BrandonHabes’s review published on Letterboxd:
The story begins promising. We find Mifune deep in a wartime jungle operating on an injured soldier amidst a tropical downpour. The weather outside is ominous and tactile, a great mood-dresser that signals bad things down the road. Mifune plays doctor this time around (as opposed to gangster), which compliments the wide range this mighty fine actor is able to embody from role to role. After he accidentally cuts his finger and contracts syphilis from the patient, the remainder of the film becomes an obsessive grapple between keeping his condition a secret from his fiancé and slowly finding ways to push her away. The secret is what eats at him, sullies his conscience, forces him into strained celibacy. The irony? He was a doctor attempting to save another person's life, not getting freaky-deeky in the sheets with others.

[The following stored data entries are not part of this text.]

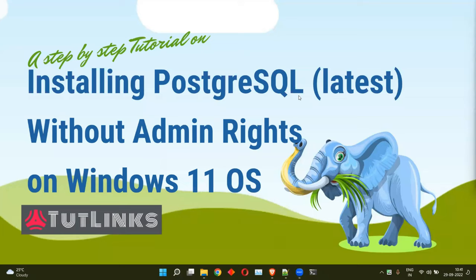Hello all. Welcome to TutLinks. In this tutorial, we will see how to install the latest version of PostgreSQL on Windows 11 operating system without you having to require any admin rights. So without further ado, let's get started.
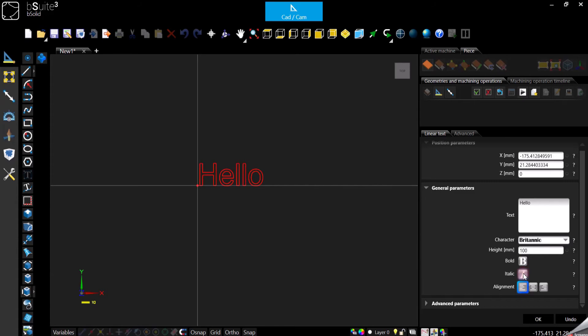Then we have the alignment for your text. Keeping in consideration our reference which is the dot, you can set the text to go from left to right, centered, or right to left.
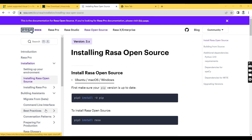Hello everyone, welcome back to CoderArts. This is my second video on Rasa. In my previous video I introduced you to Rasa by discussing what it is, how it works and what you can build with Rasa. And finally we talked about its features. So now in this video I will show you how to install it on the Windows 10 system. So without wasting time, let's start.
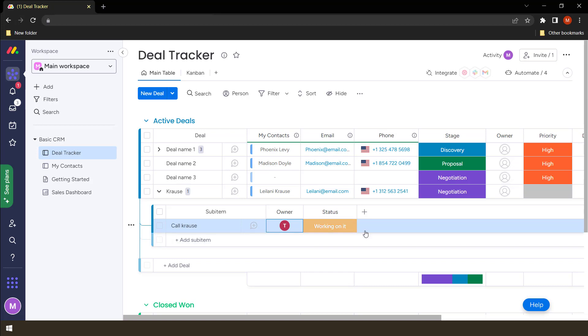So sub items really expand the functionality of the items that we have on the boards. So that's how we deal with sub items.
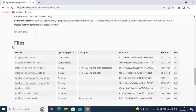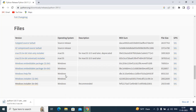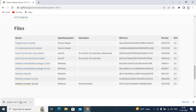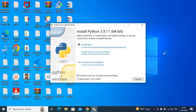Go down and you'll see the files. If you have 32-bit you can select that option; I have 64-bit so I am going to select this one. Now make sure to check the box called 'Add Python 3.9 to PATH' and click on Install Now.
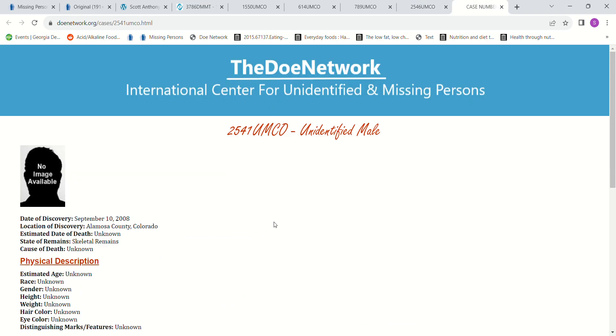We have this John Doe found in Alamosa County, Colorado. Skeleton remains. It could be almost anybody.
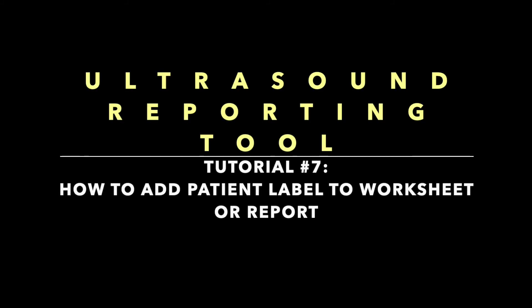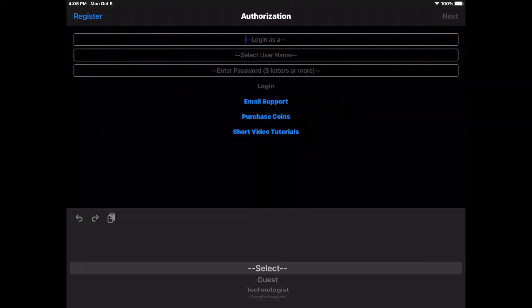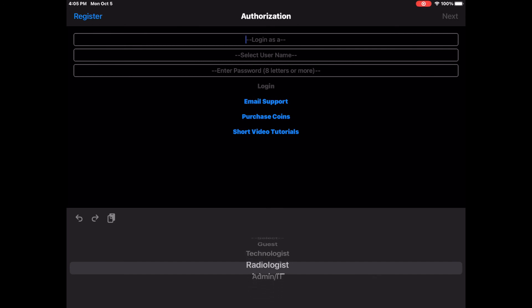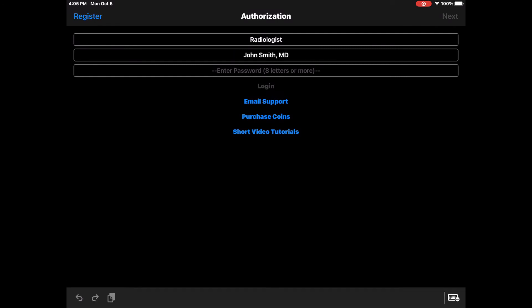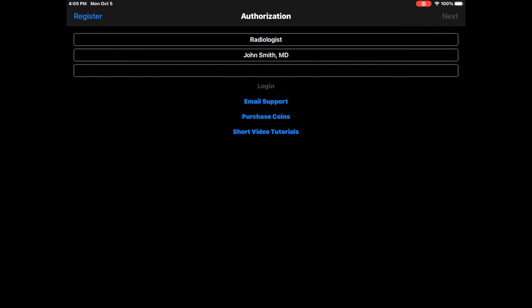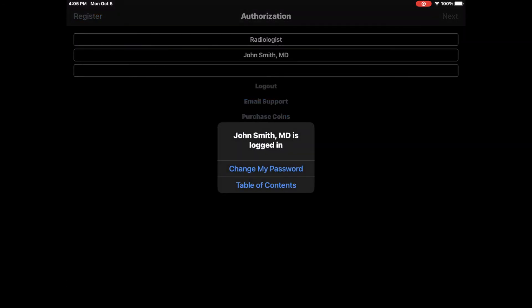Welcome to Ultrasound Reporting Tool, Tutorial Number 7: How to Add a Patient Label to Worksheet or Report. After launching the app, log in with your username and password. If you have not registered your name, watch Tutorial Number 1, How to Register a New User. The link is in the description down below.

As I'm writing this I'm actually convinced this is a really interesting story. The execution, unfortunately, is really quite underwhelming. Maybe it's the source material being used (a stage to film adaptation that, for me, rarely works without feeling static). Maybe it's that the finished film never felt like it really moved, despite a magnetic performance from Mifune. There are some compelling images and potential symbols hiding in the corner, but it all feels remarkably dull. Speaking of symbols, what are they? A diseased man unable to articulate his condition to anybody close to him, and who bottles up his personality to the point of explosion, might be a placeholder for Japan's wartime defeat and struggling postwar regeneration. It was obvious what disease meant in DRUNKEN ANGEL, but here the disease felt less like a developed symbol and more like a tool of artifice to keep plot beats moving along. I'll need to ruminate on that a bit more.
What would've been awesome is if Mifune was actually able to go insane in this story (as the original cut had displayed before U.S. censors came in and changed the ending). Apparently though that would've "terrified people and no one would come for medical aid." lol. Mifune doesn't go insane (that’ll come later with THRONE OF BLOOD). Instead, the conclusion settles for conservative safety, which makes sense given the era of Occupation. Overall, this film feels like a first draft that never seemed to have Kurosawa's heart fully in it to refine. End product felt a bit bland.